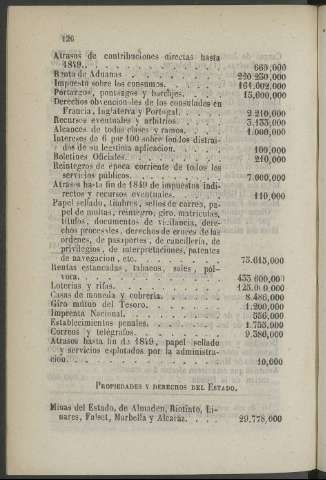 126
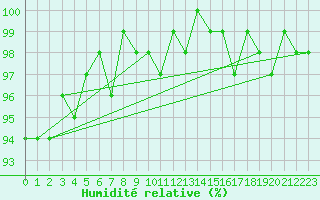 Courbe de l'humidit relative pour Xert / Chert (Esp)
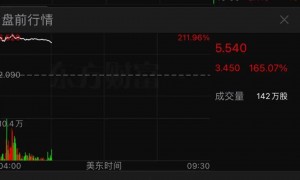 重磅消息，暴涨超200%！关税突发，11月1日起生效！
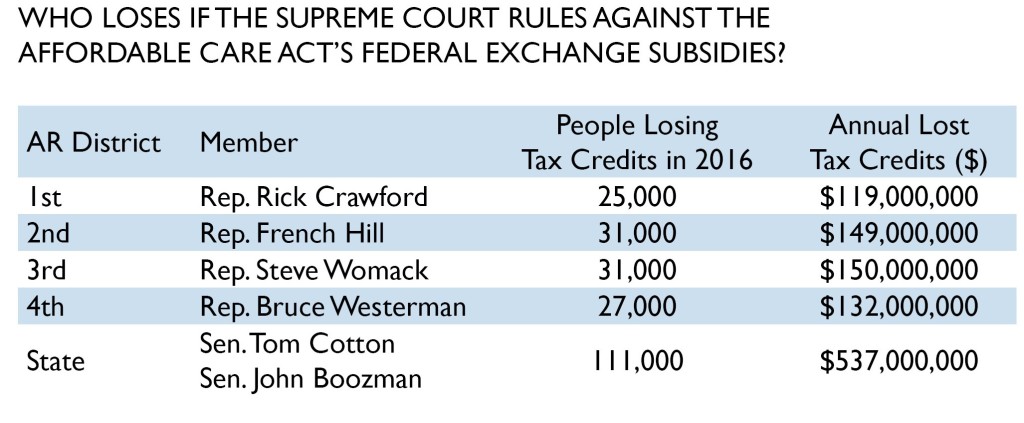 Who loses if supreme court rules against subsidies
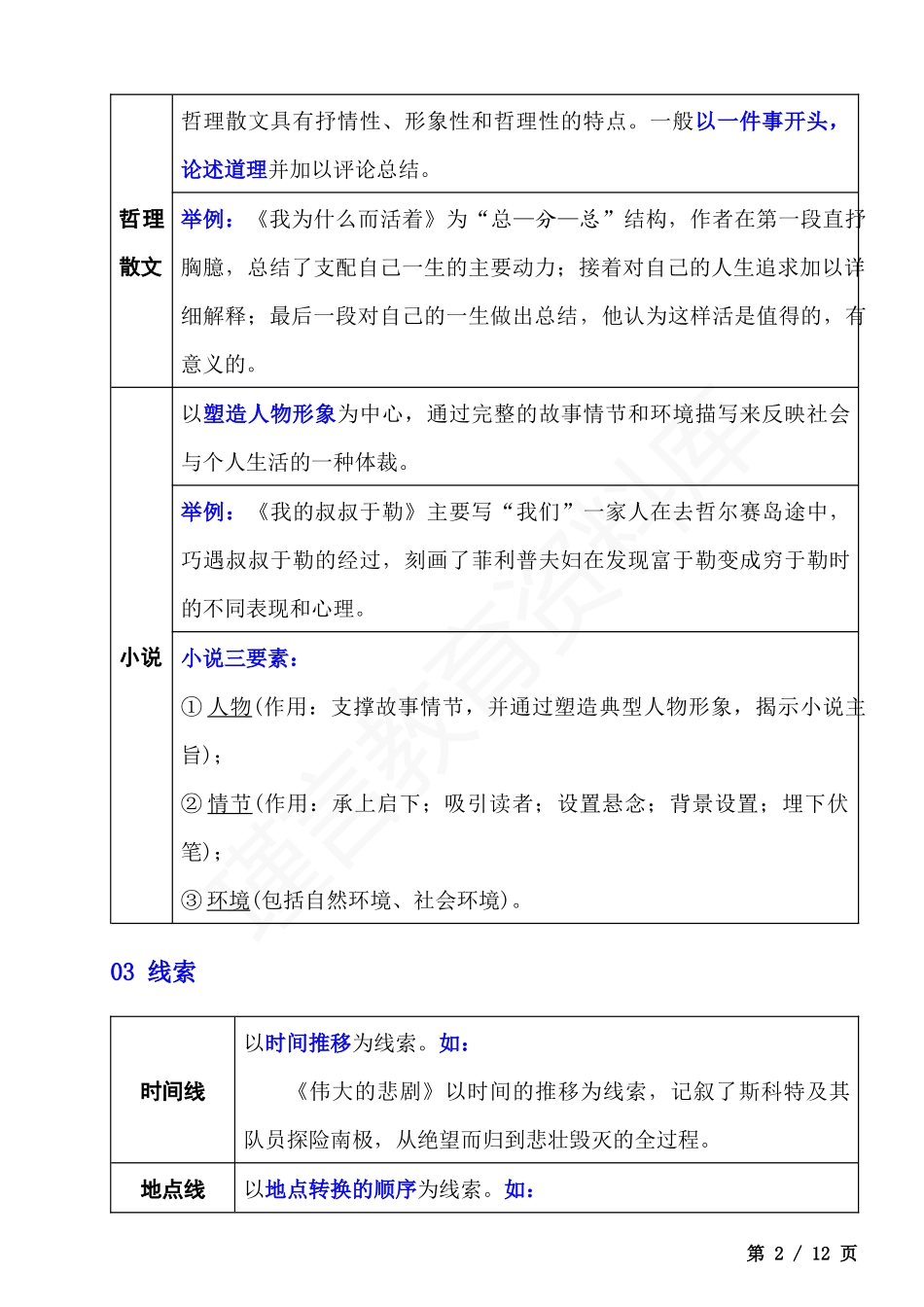 初中语文重点文体知识及答题技巧.docx_第2页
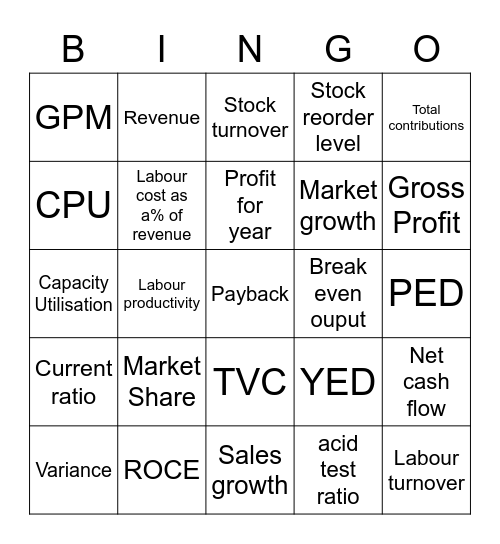 A level business formulas Bingo Card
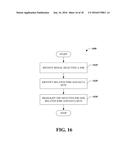 JOB SCHEDULING AND MONITORING diagram and image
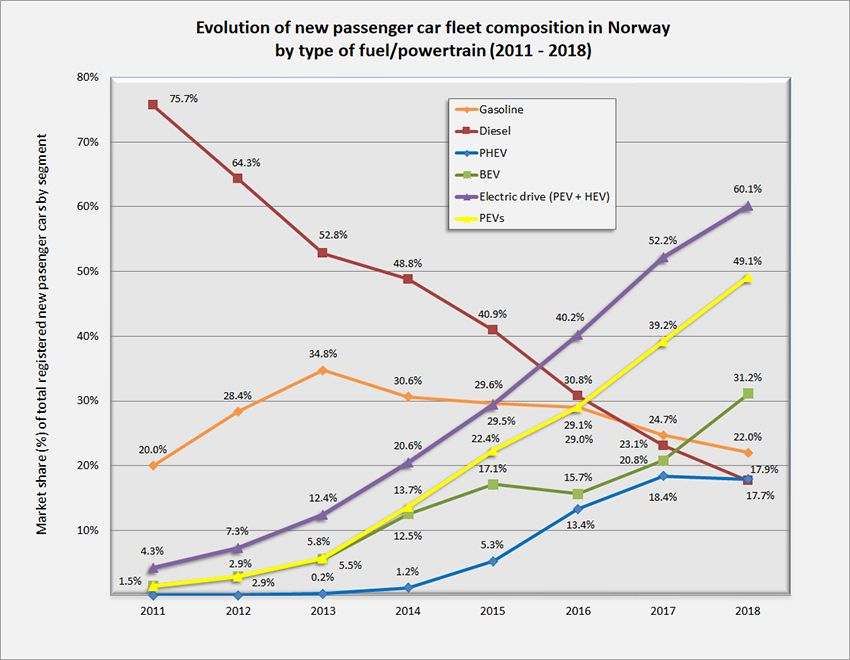 Evolution_Norgewian_passenger_car_market_share_by_fuel.jpg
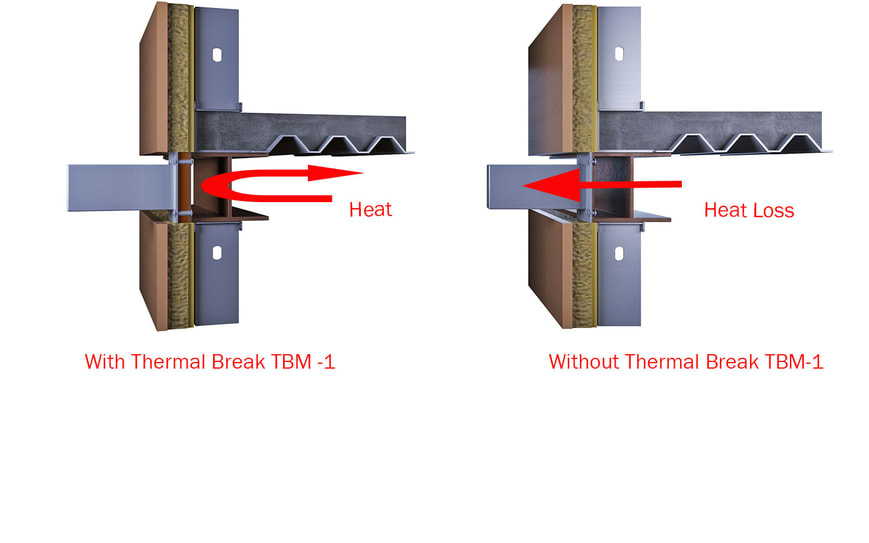 steel connection thermal break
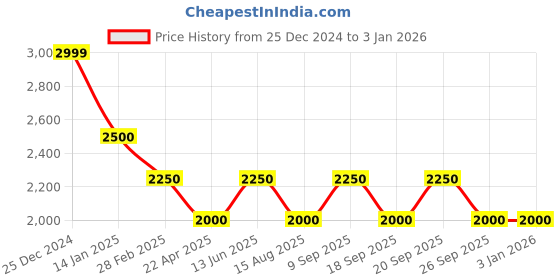 tatacliq.com Antony Morato Kids Black SolidShorts antony morato Price History Graph from 25 Dec 2024 to 3 Jan 2026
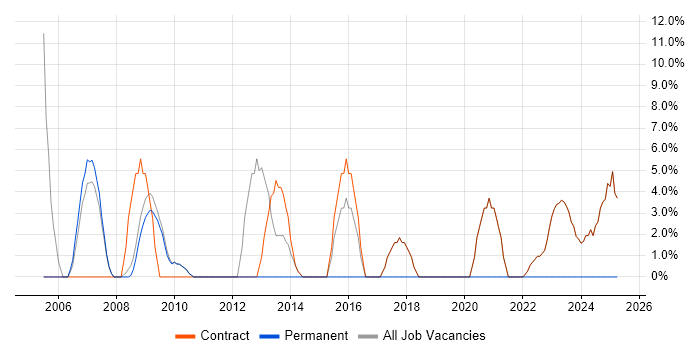 Job vacancy trend for Architect in Osterley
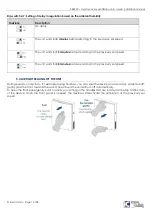 Preview for 13 page of Ideal Clima KERS 50 User & Installation Manual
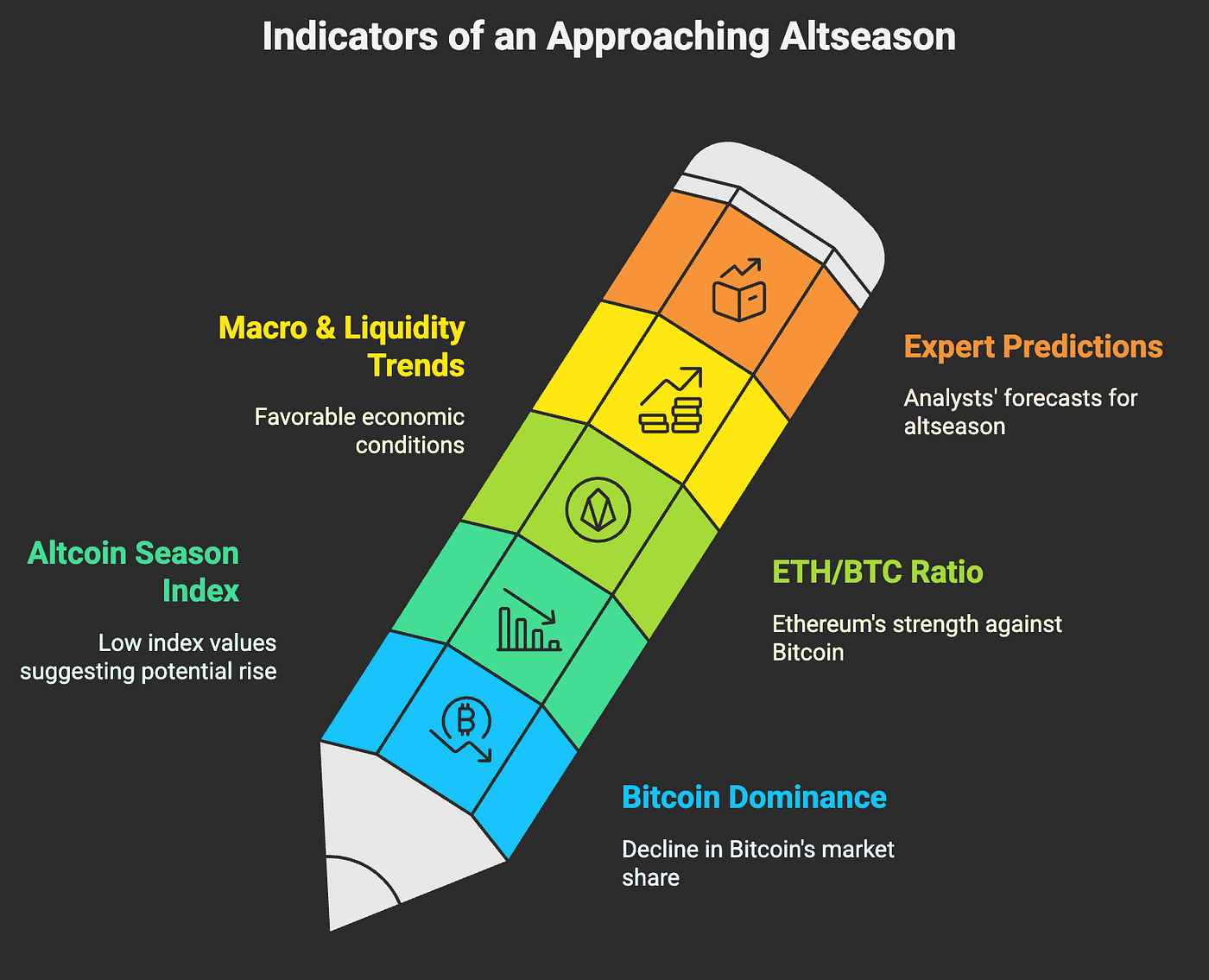 Decoding Alt Season 2025 — What it Means for DePINs and Is it Near? | by  Utsav Kumar | Coinmonks | Medium
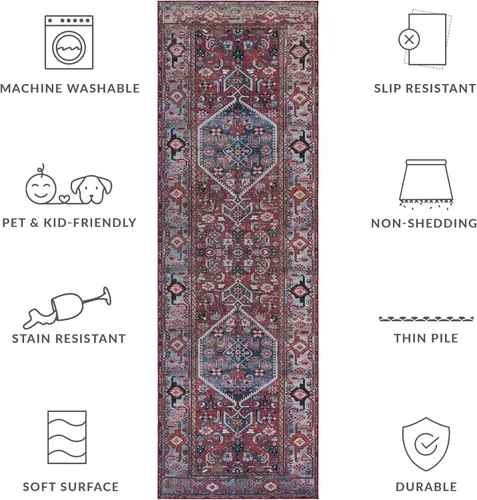 Miniatura 7 de SAFAVIEH Tucson Collection - Alfombra lavable de 2 pies 6 x 8 pies, resistente al óxido y azul, antideslizante, ideal para zonas de alto tráfico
----
Copy out exactly the lines above beginning with the line that contains "Who loses if" and finishing with the line that contains "Job vacancy trend for Architect in Osterley", including both; leave the pictures out.

RESPONSE BOX =
 Who loses if supreme court rules against subsidies
 初中语文重点文体知识及答题技巧.docx_第2页
 A level business formulas Bingo Card
 JOB SCHEDULING AND MONITORING diagram and image
 Evolution_Norgewian_passenger_car_market_share_by_fuel.jpg
 steel connection thermal break
 tatacliq.com Antony Morato Kids Black SolidShorts antony morato Price History Graph from 25 Dec 2024 to 3 Jan 2026
 Job vacancy trend for Architect in Osterley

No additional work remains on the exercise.